Give back, exactly as written, the lines from the first line of the data below through the line with "Peach Simple Floral", and omit the pictures.

-------- Records shown

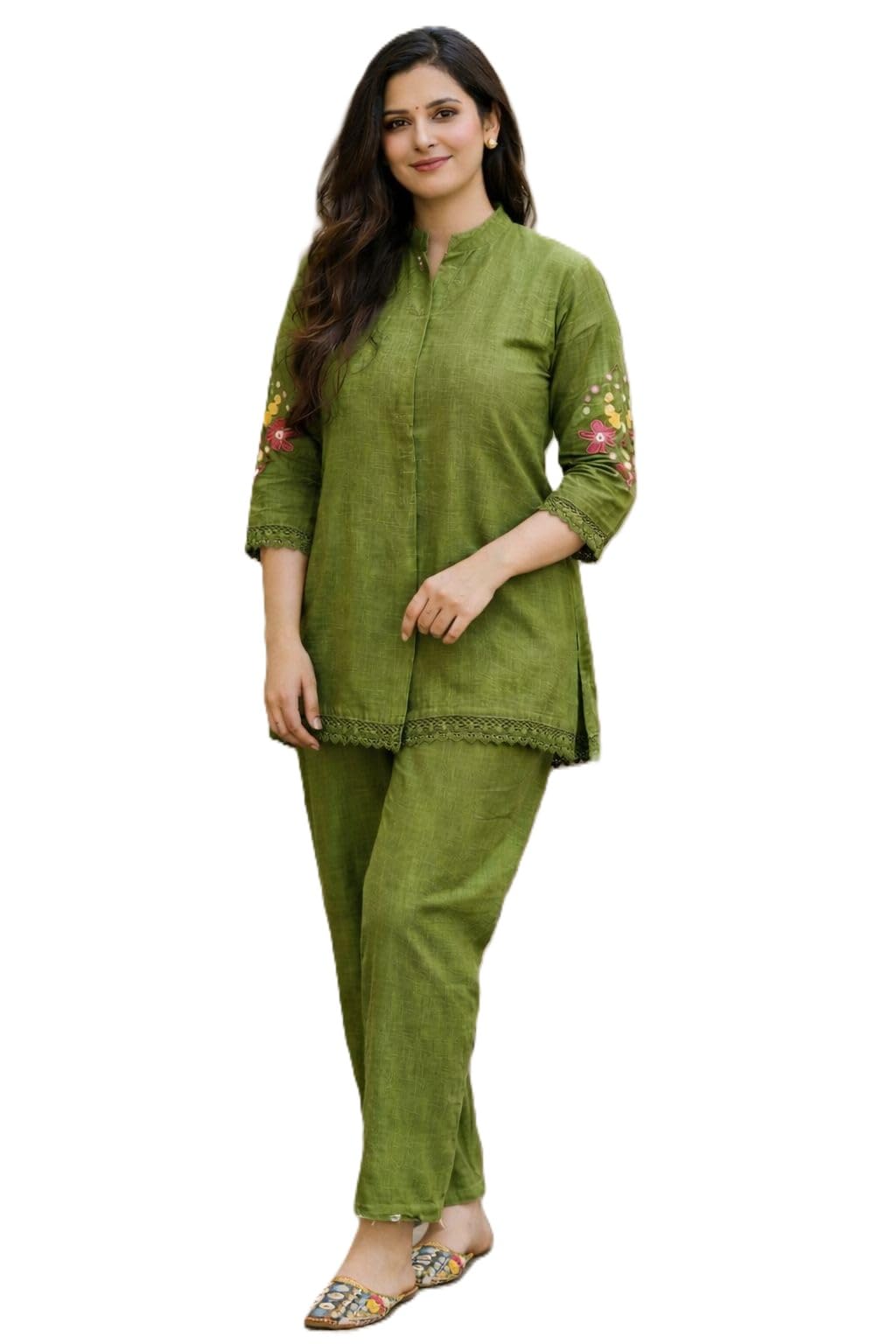 A2 Cloth Women's Pure Cotton Co-Ord Set, Green Kurta with Pant, Floral Embroidered 3/4 Sleeve, Stylish Pocket Design (in, Alpha, L)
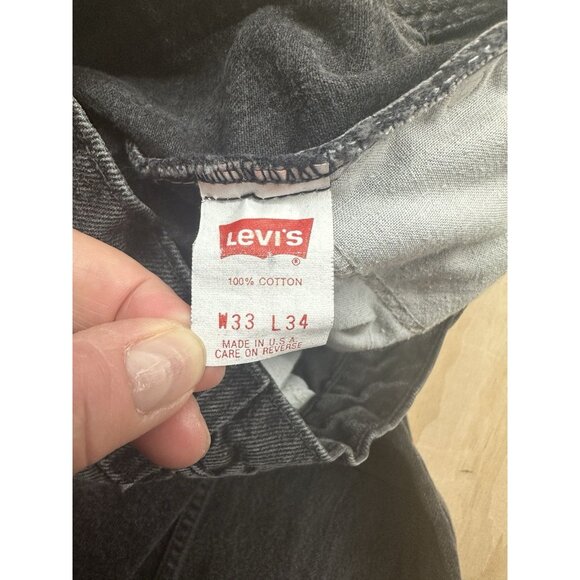 Vintage Levi’s 550 Jeans 33x34 Black Tag Relaxed Tapered Made in USA 80’s Paper - Picture 4 of 7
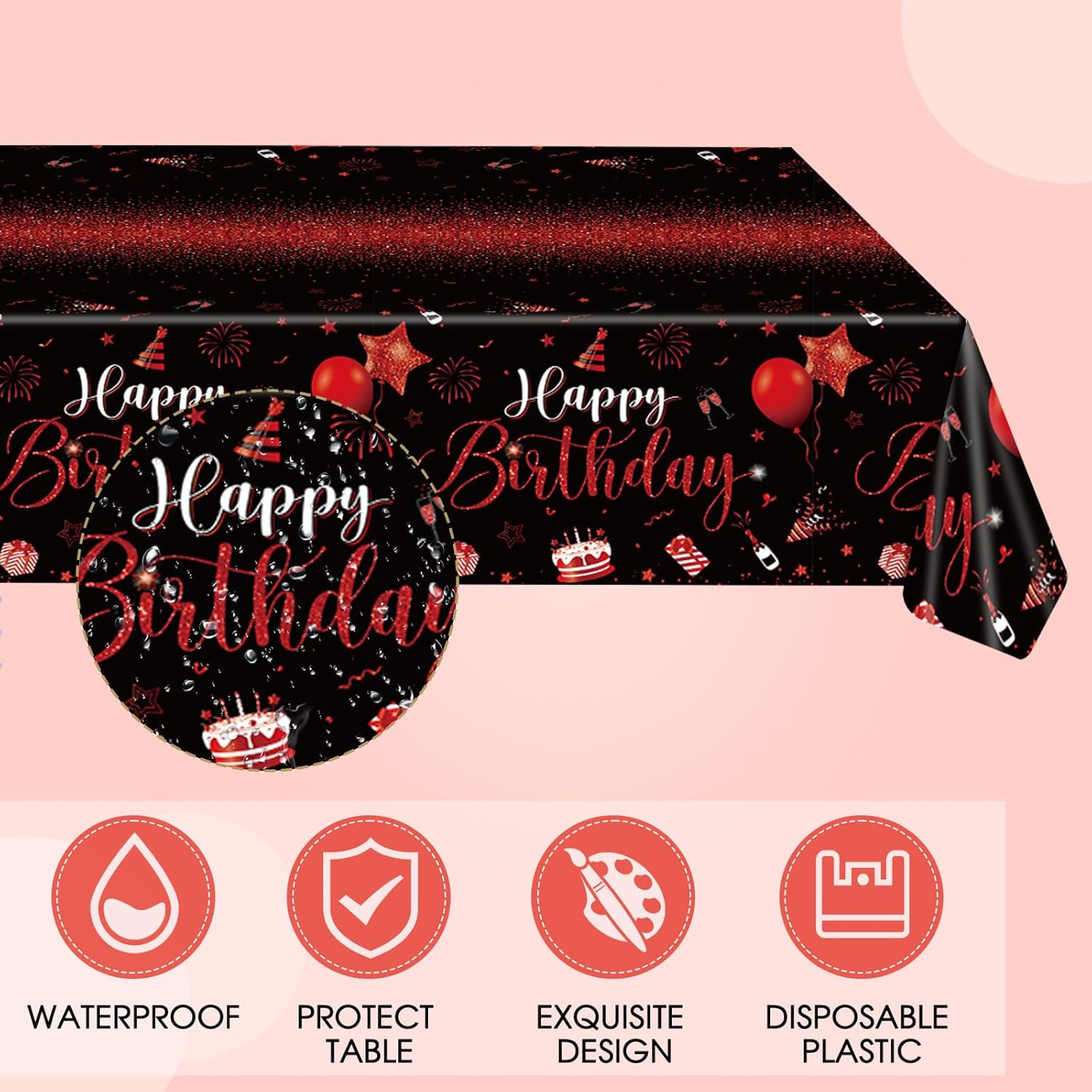Red And Black Birthday Decorations Party Supplies Set
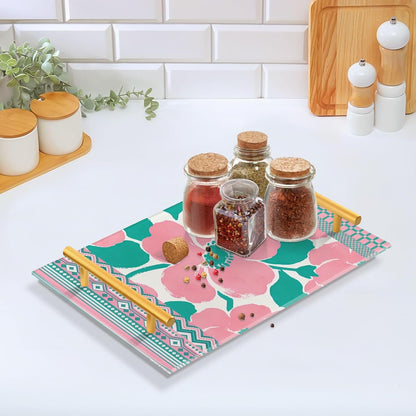 Peach Simple Floral Decorative Rectangle Trays with Handles Modern Serving Tray for Jewelry Perfume for Farmhouse Serving bandeja de decoracion para sala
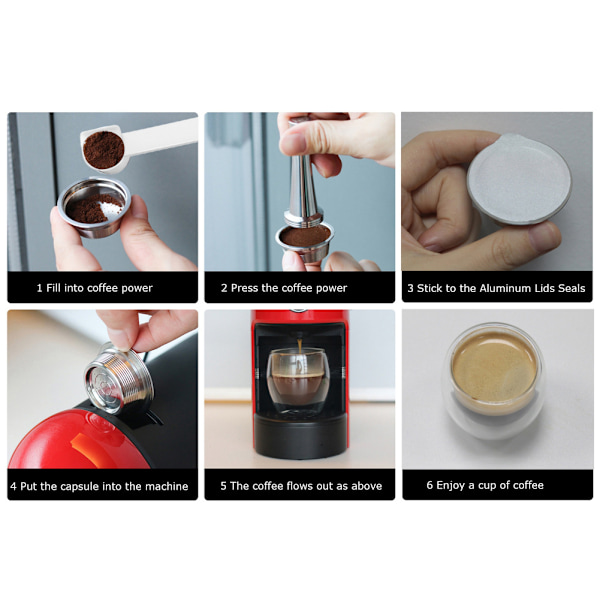 Rustfritt stål kaffekapsel kopp film skje børste sett passer for LAVAZZA A MODO MIO kaffemaskin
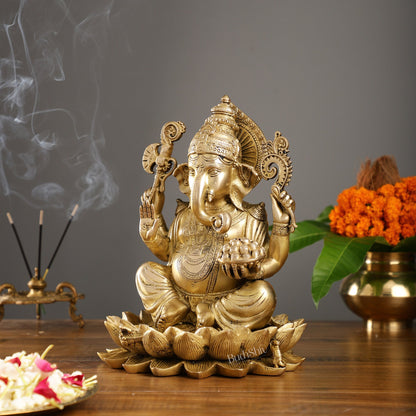 Fine Quality Brass Handcrafted Ganapati Seated on Lotus | 12" Height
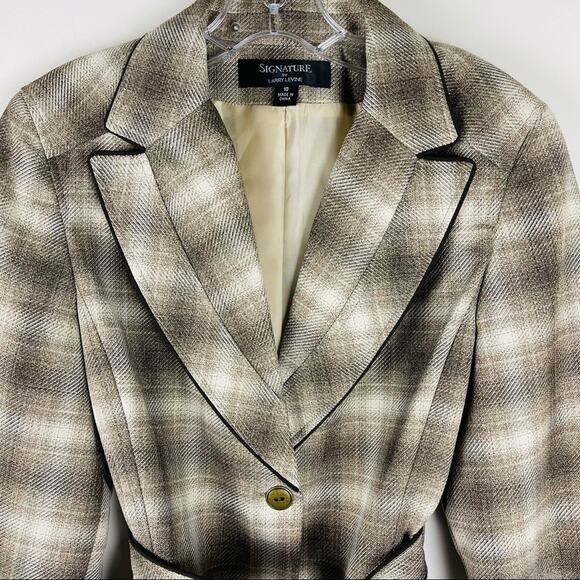 NEW Larry Levine brown cream plaid preppy tie button classic blazer jacket 10 - Picture 2 of 8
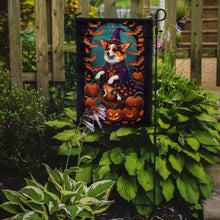 Load image into Gallery viewer, Corgi Witchy Halloween Garden Flag – Witch Dog with Pumpkins, Bats &amp; Jack-o'-Lanterns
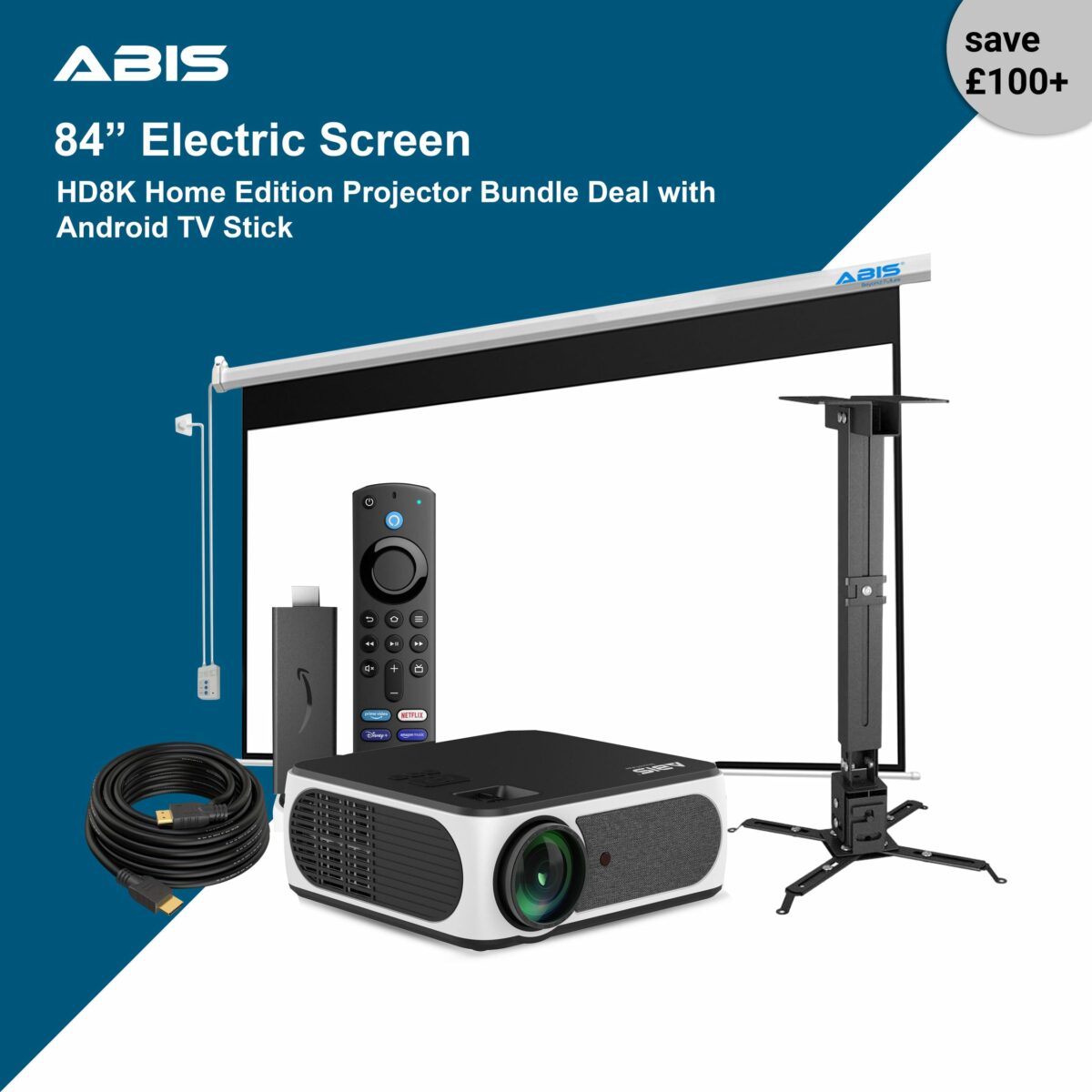 84" Electric Projector Screen & Projector Bundle with Android TV Stick for Home - Complete Set - ABIS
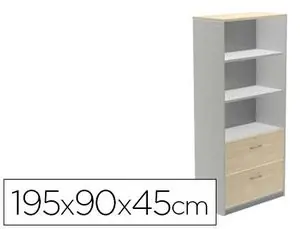 Promoción Armario Rocada con Tres Estantes y Dos Cajones Iferiores Serie Store 195X90X45 cm Acabado Ab02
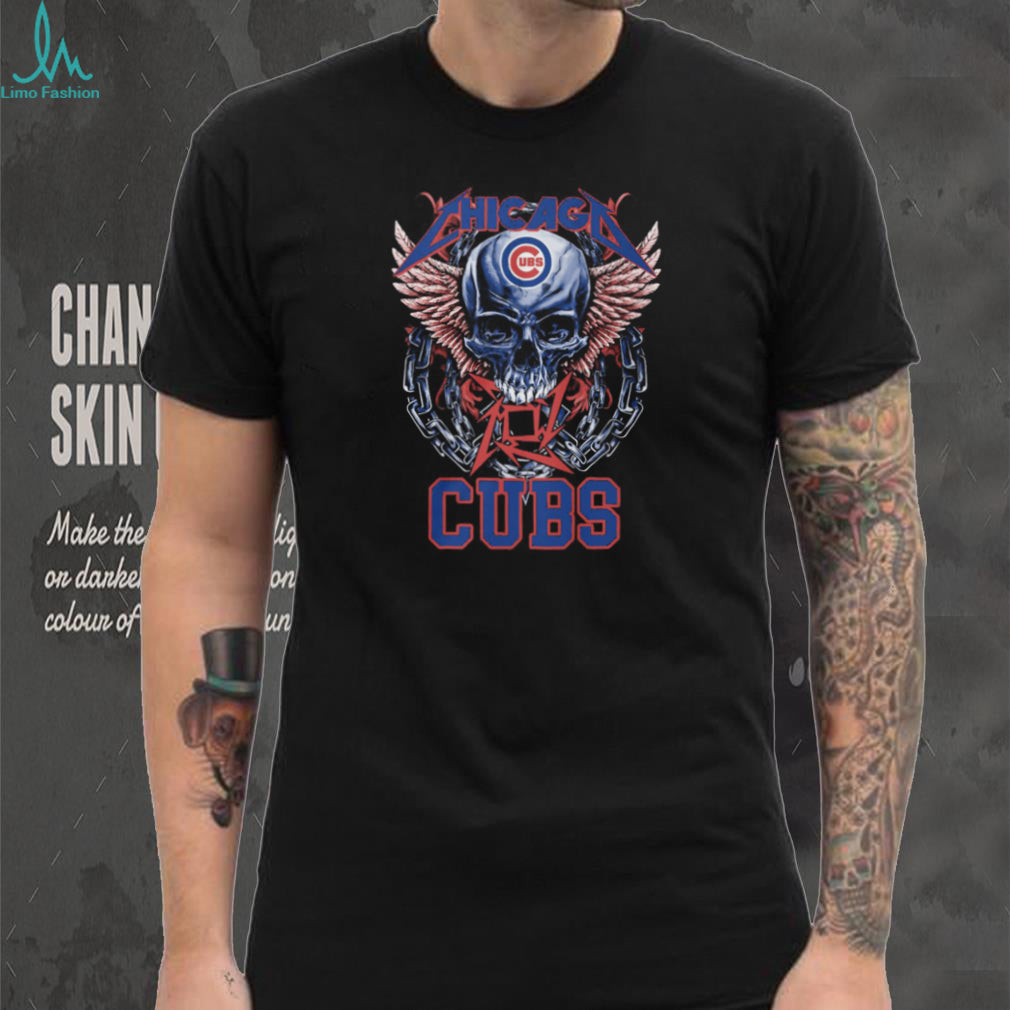 Chicago Cubs Red Blue Logo Skull Pink Wings And Heavy Metal Chains T Shirt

----------------

• **Problem solution**
 A2 Cloth Women's Pure Cotton Co-Ord Set, Green Kurta with Pant, Floral Embroidered 3/4 Sleeve, Stylish Pocket Design (in, Alpha, L)
 Vintage Levi’s 550 Jeans 33x34 Black Tag Relaxed Tapered Made in USA 80’s Paper - Picture 4 of 7
Red And Black Birthday Decorations Party Supplies Set
 Peach Simple Floral Decorative Rectangle Trays with Handles Modern Serving Tray for Jewelry Perfume for Farmhouse Serving bandeja de decoracion para sala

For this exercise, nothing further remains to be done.